There is no evidence at all that the Navy has made any significant effort to field specialized units and leverage NCW to gain more capability through specialization as NCW proponents envisioned. If anything, the more integrated the Navy has become with NCW, the more generalization has become an institutional priority. In fact, despite NCW and its promises, specialization has been shoved in its own box of general capabilities. The ugly reality, based on action, is that in the Navy specializations are neglected and treated with bias primarily because of their specialized skill, and the promotion boards have historically reflected it. Lets examine this in detail.Most of the bias I have seen is simply parochial in nature. Nothing against specialists per se --- just the classic "His career doesn't look like mine." problem.
The great naval surface warfare idea of 2009 is the same great naval surface warfare idea of John Lehman, 20 years ago: build the big multi-mission Arleigh Burkes.

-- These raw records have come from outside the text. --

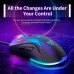 Мышь Onikuma Wired RGB Gaming Mouse CW917 |1200-5800DPI| Мышь Onikuma Wired RGB Gaming Mouse CW917 |1200-5800DPI|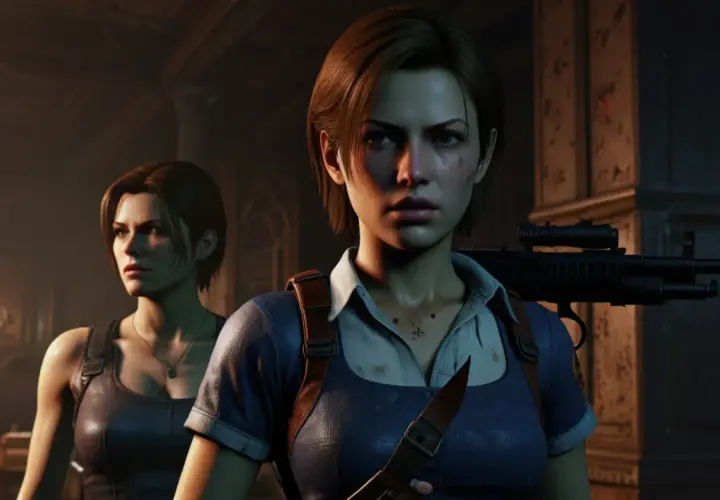 Resident Evil Code Veronica! Czy remake przewyższy oryginał?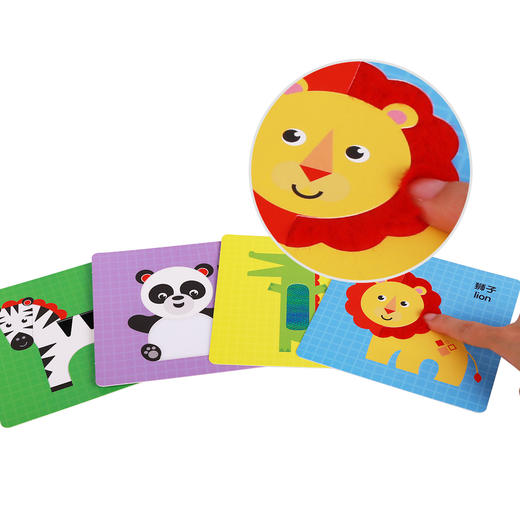 费雪新生儿大礼包 费雪宝贝2册（听童谣+情景发声书）+费雪随时听3册+《费雪感官全发育0岁新生礼》  原价：680.34 商品图3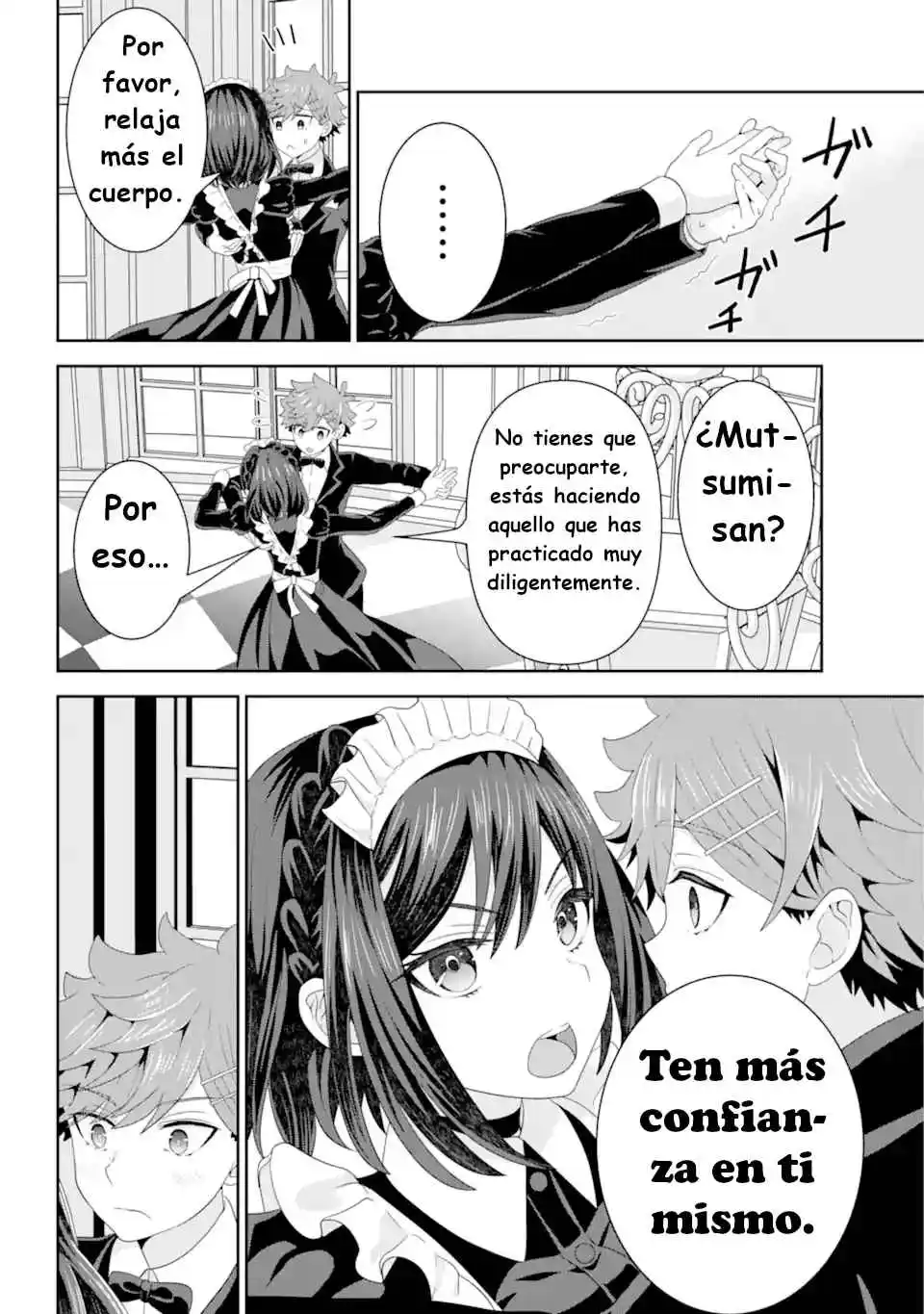 Lo Siento Mucho Ojou Sama, Pero A Mí Me Gusta La Sirvienta - Capítulo 7 - Página 13 - LectorTMOo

The Littoral Combat Ship is rightfully questioned in the way David Axe presented the other day, the hull is specifically a massive generalization of possibilities without having the necessary characteristics to make it a specialization in any specific area of warfare. Indeed, the way the SWOs look at Network-Centric Warfare in their approach to new ships, one will not find specialization anywhere as a future priority.

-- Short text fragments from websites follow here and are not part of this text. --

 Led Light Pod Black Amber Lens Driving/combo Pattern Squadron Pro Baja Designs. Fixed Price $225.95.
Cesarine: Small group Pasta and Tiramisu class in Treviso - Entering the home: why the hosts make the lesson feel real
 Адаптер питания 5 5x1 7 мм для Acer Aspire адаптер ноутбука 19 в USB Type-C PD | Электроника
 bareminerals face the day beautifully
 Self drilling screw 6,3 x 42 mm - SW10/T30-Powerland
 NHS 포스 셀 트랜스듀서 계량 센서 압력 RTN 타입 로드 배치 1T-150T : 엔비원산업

I must be missing something, because I think sending a 9000 ton destroyer to build maritime security cooperation with a nation that fields 9 little coast guard boats is an embarrassing reflection of the attitude that promotes generalization in the Navy, something of an arrogance that the fleet can meet any obligation regardless of how little the US Navy may have in common with the specific requirements and tasks to be done.
The public face of Navy leadership today suggests the general consensus is that all of this generalization is OK, probably because generalization is all today's Navy officer has ever known. As the Navy has built itself through the 80s and since the end of the cold war, the specialization of generalization has become the requirement and direction resulting in massive, multi-mission capable warships.